On trouve donc au sein du COE non seulement des ecclésiologies différentes, mais également
des interprétations différentes de la situation actuelle de division des Églises, et, de ce fait,
différentes manières aussi d’envisager plus précisément l’unité recomposée et les différentes
étapes pour y parvenir. Ainsi, face aux Églises qui se réclament de la Réforme, aucune des
Églises existantes ne peut se présenter davantage que d’autres comme la réalisation véritable
de l’Église du Christ, mais celle-ci peut être présente en toutes dès lors que l’Évangile y est
annoncé, confessé, et mis en pratique, de sorte que la multiplicité et la diversité des Églises
n’est pas nécessairement négatrice d’une unité de l’Église qui, fondamentalement, n’est réelle
qu’en Christ.
Ecclésiologiquement, “neutre” et réunissant en son sein des Églises et des ecclésiologies
diverses, le COE n’est donc pas, et ne veut pas être, une super-Église. Il n’est pas non plus,
déjà, cette « communauté conciliaire » évoquée à Nairobi, ni une préfiguration de l’unité à
venir ; il est un moyen au service des Églises membres dans leur propre recherche de l’unité :
un cadre au sein duquel des processus d’échanges, d’entraide, de collaboration, de recherche
commune, peuvent se développer et s’articuler, selon ce qui est formulé dans sa base. Comme
tel, le COE est une réalité sans précédant historique, difficile à définir en termes
ecclésiologiques et nécessairement traversé de tensions qui tiennent à la diversité des Églises
qui en sont membres et à la diversité de leurs conceptions de l’unité. Son nom même de
conseil des Églises indique ces difficultés. Il est, en droit et en fait un conseil d’Églises, et
comme tel un organisme au service des Églises et de la réalisation de leur unité visible, et il ne
peut donc pas parler ou agir au nom des Églises. Mais, en même temps, il est aussi bien un
conseil d’Églises qui y sont engagées, et en ce sens on pourra aussi lui reconnaître une
certaine signification ecclésiale et y voir comme une ébauche, au du moins un signe de l’unité
à venir. La tension entre les deux mots “conseil” et “Églises” est bien une des constantes de
l’histoire du COE. Les Églises qui, comme les Églises orthodoxes, ont une conscience forte de
leur identité ecclésiale, seront portées à souligner que le COE n’est pas plus qu’un « conseil »,
lieu de réflexion, de collaboration en vue de l’unité, tandis que les Églises davantage portées à
relativiser leur propre ecclésialité, comme c’est le cas pour certaines Églises de la famille de
la Réforme, aimeront mettre en avant tout ce par quoi se manifeste déjà une certaine
consistance ecclésiale du COE, et seront tentes de majorer sa capacité de parler et d’agir au
nom des Églises.
2. L’Église catholique
L’Église catholique n’est engagée réellement dans le mouvement œcuménique, de façon
massive et officielle, que depuis Vatican II dont le Décret sur l’œcuménisme définit les «
principes catholiques » qui commandent cet engagement.

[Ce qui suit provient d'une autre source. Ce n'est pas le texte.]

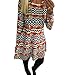 haoricu Women Dress, Women Halloween Pumpkin Skull Christmas Print Long Sleeve Party Swing Mini Dress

Jusque là on distinguera entre
l’activité de « pionniers » et la position officielle de l’Église catholique : face au mouvement
œcuménique qui se développe et auquel elle refuse de prendre part, elle affirme sa propre
façon de concevoir l’unité.
2.1. Avant Vatican II
Les réactions officielles de l’Église catholique au mouvement œcuménique qui naît et se
développe furent, après une première phase d’indifférence, entièrement négatives. Cette
attitude s’explique quant au fond par l’ecclésiologie catholique alors dominante, et qu’on peut
résumer (en simplifiant) de la façon suivante : l’Église catholique est l’Église du Christ. Parce
que l’Église ne peut être qu’une, les non-catholiques doivent être considérés, du point de vue
théologique, comme des membres séparés de l’Église. L’unité est déjà donnée, et non un but à
viser : elle est réalisée dans l’Église catholique. Dès lors la seule forme possible de
disparition des schismes et l’unique moyen de rétablir l’unité est le “retour” à l’unique bercail
du Père : un retour vu comme conversion personnelle s’agissant des chrétiens de la Réforme,
comme ré-union des Églises à Rome, sous l’autorité du Pontife romain, pour les Églises
orientales (à l’image des Églises unies promues au rang de modèles).